La fédération d'identités et eduroam sont deux services utilisables par la communauté enseignement supérieur pour gérer l'accès nomade inter établissements.

Cette page compare l'intérêt et les différences de ces deux solutions pour un établissement.

Le service eduroam.fr vise à offrir un accès sans fil sécurisé à l'Internet, aux personnels des établissements d'enseignement supérieur et de recherche lors de leurs déplacements, à une échelle nationale ou internationale.

L'infrastructure d'authentification mise en place s'appuie sur la norme 802.1X et utilise le protocole RADIUS. Le déploiement de ce service est subordonné à l'acceptation de la charte “eduroam.fr” et du respect des spécifications techniques.

La fédération du CRU est un cercle de confiance établissant des règles organisationnelles communes, un jeu d'attributs partagés et l'utilisation de briques technologiques inter opérables. Elle est utilisable pour sécuriser l'accès à des ressources accessibles via le web et partagés entre plusieurs établissements, à l'échelle locale (régionale par ex.) ou nationale. On peut l'utiliser, entre autres, pour de l'accès réseau nomade inter établissements via portail captif.
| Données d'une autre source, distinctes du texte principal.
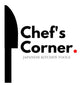The Chef's Corner 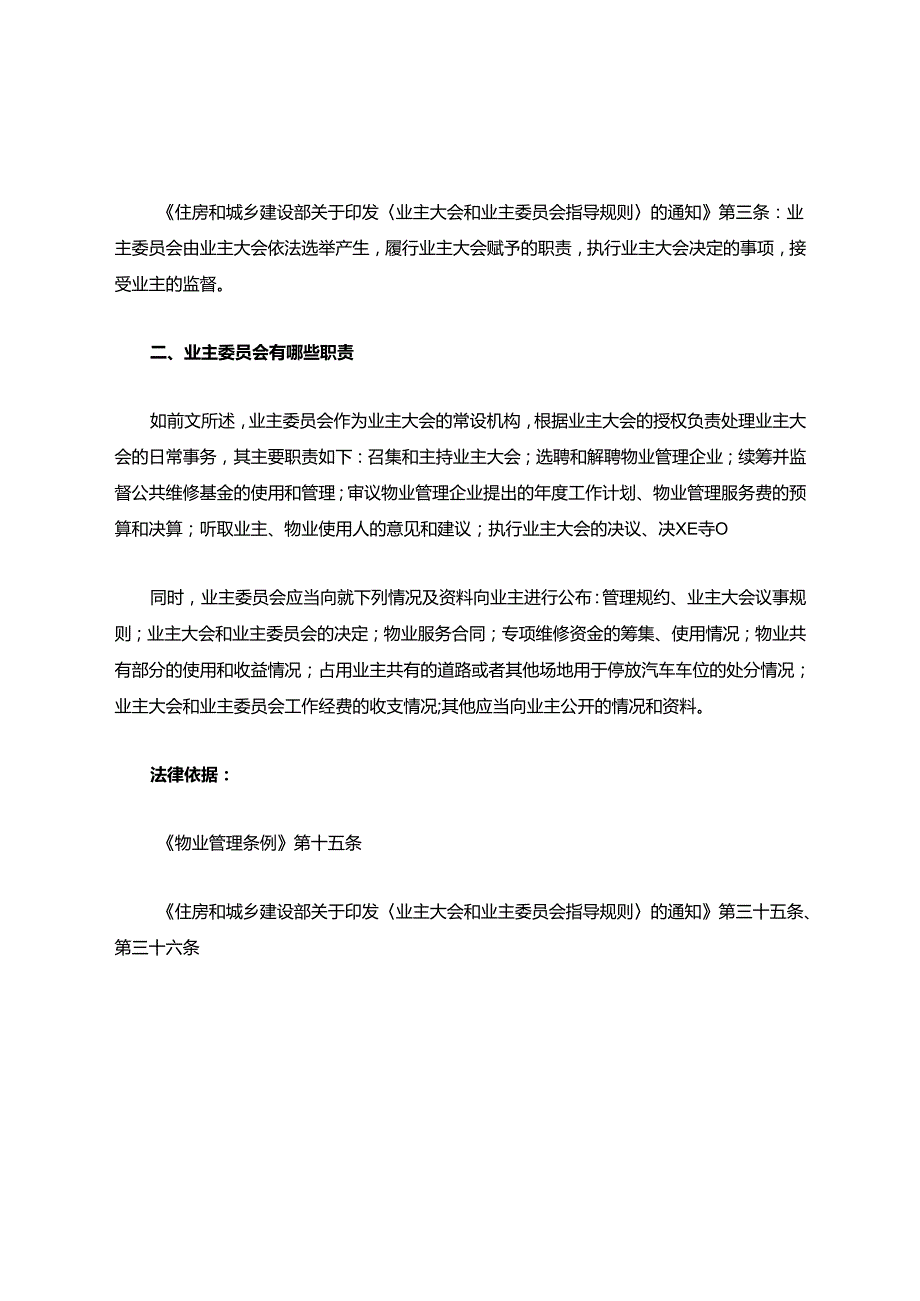 如何更换增补业主委员会成员.docx_第2页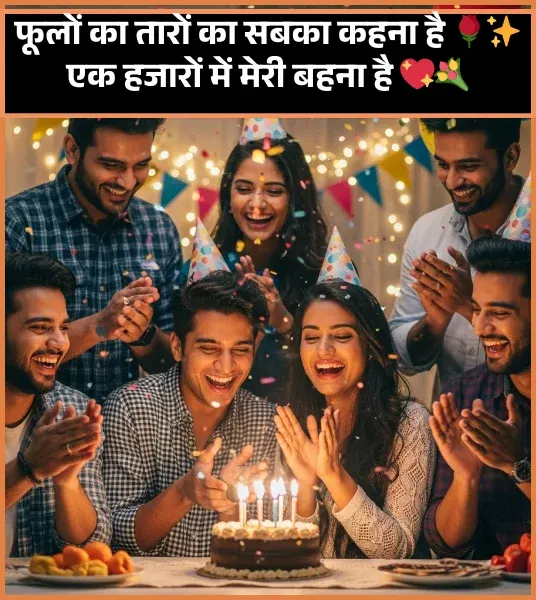 Sister Birthday Shayari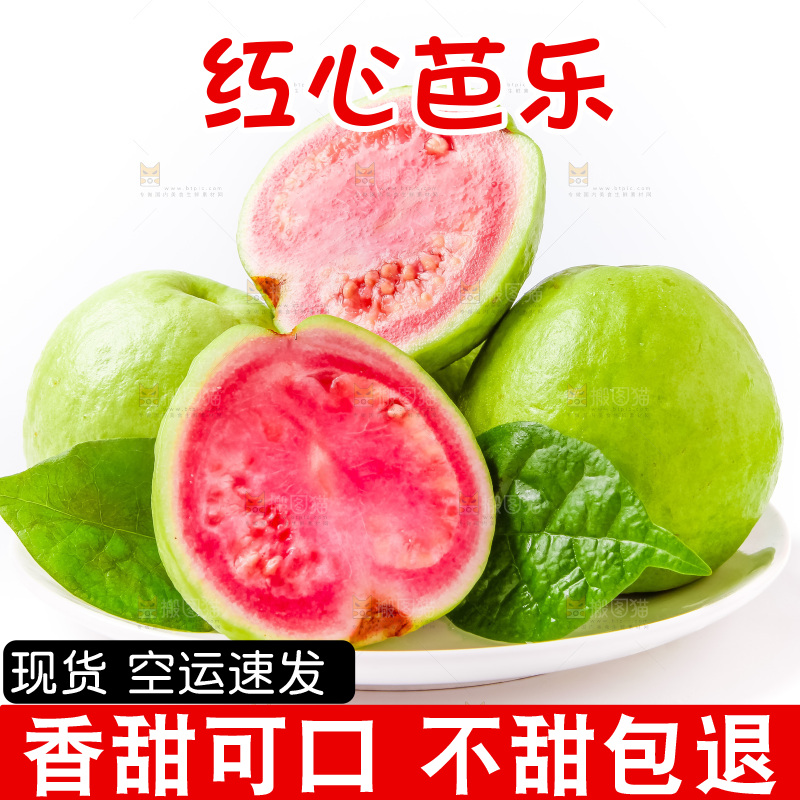 盘子里装着软心红芭乐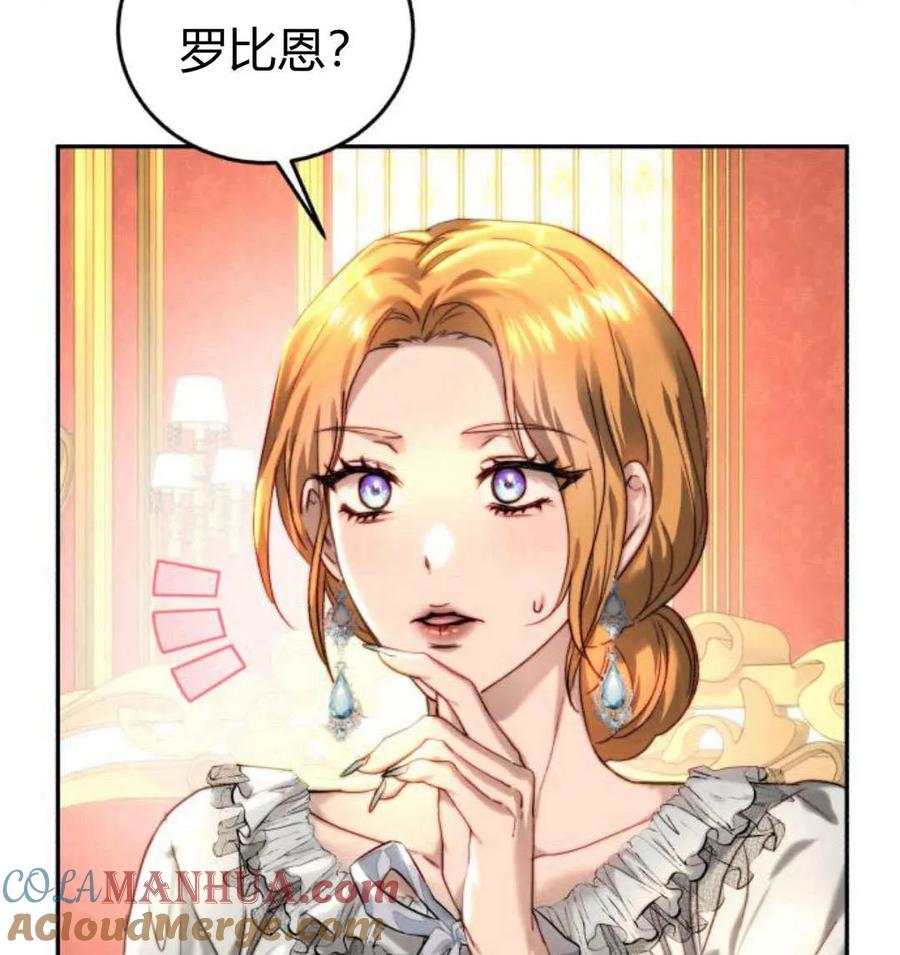 《罗莎琳·波特》第63话 第45页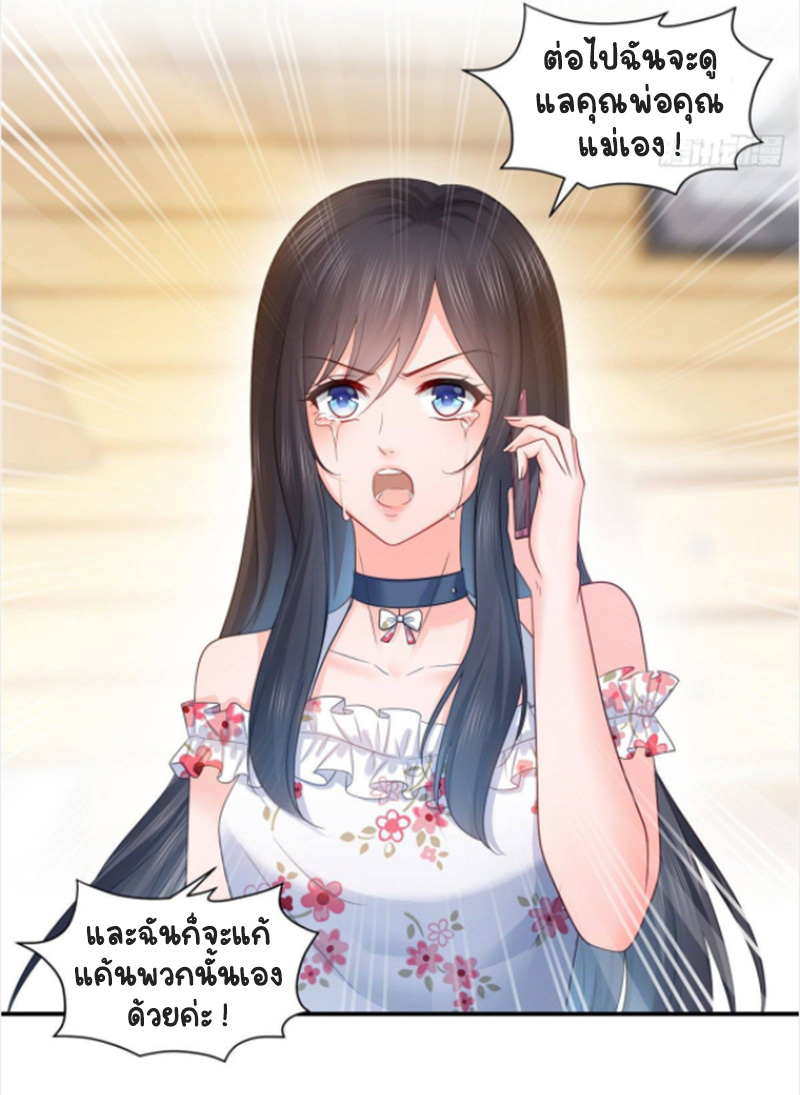 (ชนจีน)Perfect Secret Love The Bad New Wife Is a Little Sweet ตอนที่ 70 หน้า 20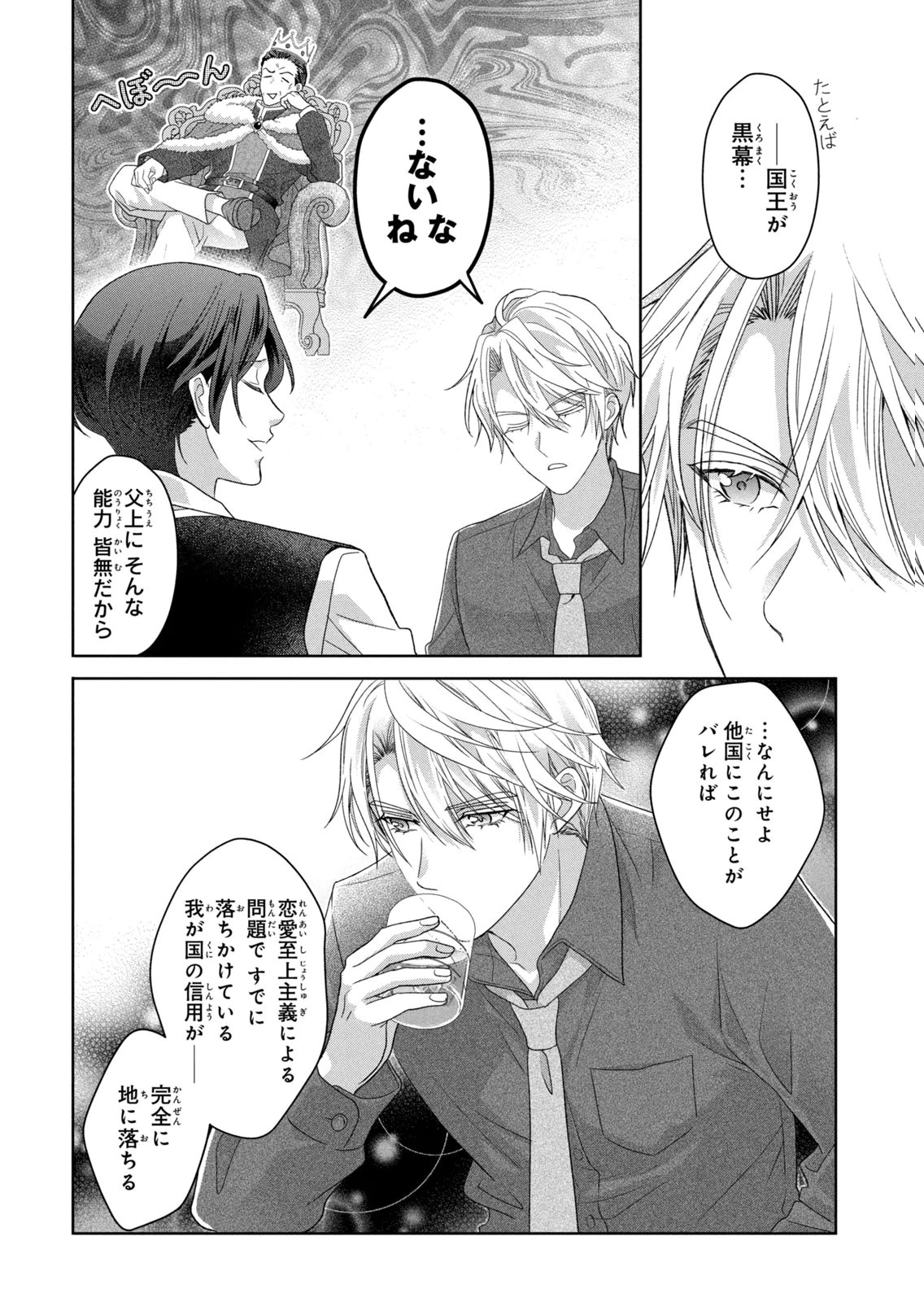 Keiyakukon Shita Aite ga Oni Saishou deshita ga, Kono Tabi Saishoushitsu Sennin Hosakan ni Ninmei Sareta Jimi Bunkan (Hensou-chuu) wa Watashi desu. Chapter 15 34ページ
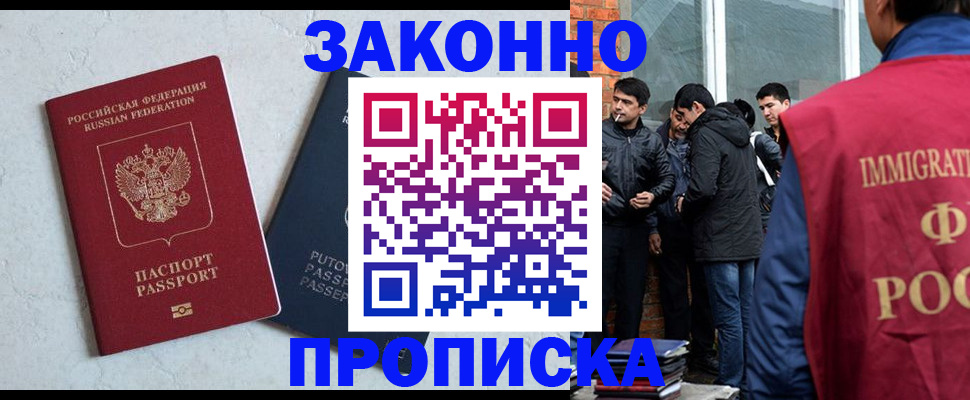 прописка штамп в Красноуфимске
• eduroam n'est utilisé que pour authentifier le nomade afin de lui autoriser une connexion réseau, tandis que la fédération d'identités permet l'accès à tout type de ressources web et permet en plus d'obtenir des attributs sur les utilisateurs ;
• la charte d'eduroam préconise de ne faire aucun filtrage de protocoles en sortie et contraint au minimum les établissements à garantir l'utilisation de certains services tels que la messagerie, SSH, VPN... tandis qu'il n'y a pas à priori ces garanties avec la fédération d'identités ;
• eduroam a une échelle nationale, européenne voir internationale, tandis que la fédération ne couvre qu'une échelle nationale ou régionale ;
• le niveau de sécurité d'eduroam est globalement plus élevé que celui d'un accès via portail captif dans la fédération, car avec eduroam tous les flux entre le poste client et la borne Wi-Fi sont chiffrés ;
• sur le poste client (portable), eduroam nécessite la configuration d'un client 802.1X (exemple de documentation de configuration), tandis que pour la fédération il n'y a aucune configuration préalable, un simple navigateur suffit.

eduroam est par exemple très bien adapté pour une population maîtrisant son poste client (portable), nécessitant un niveau de sécurité et de services élevé, qui ont vocation à se déplacer à l'étranger, typiquement des chercheurs.

L'utilisation de la fédération d'identités pour l'accès nomade inter campus peut être suffisant pour une large population dont on maîtrise peu les portables, par exemple les étudiants.

Il est possible d'utiliser les deux technologies dans le même établissement.

Le projet DAME vise à faire converger les deux technologies.

Les campus bordelais (présentation de leur problématique ici) et les universités et l'IUFM de Bretagne utilisent la fédération d'identités (Shibboleth) pour le nomadisme Wi-Fi de leurs utilisateurs.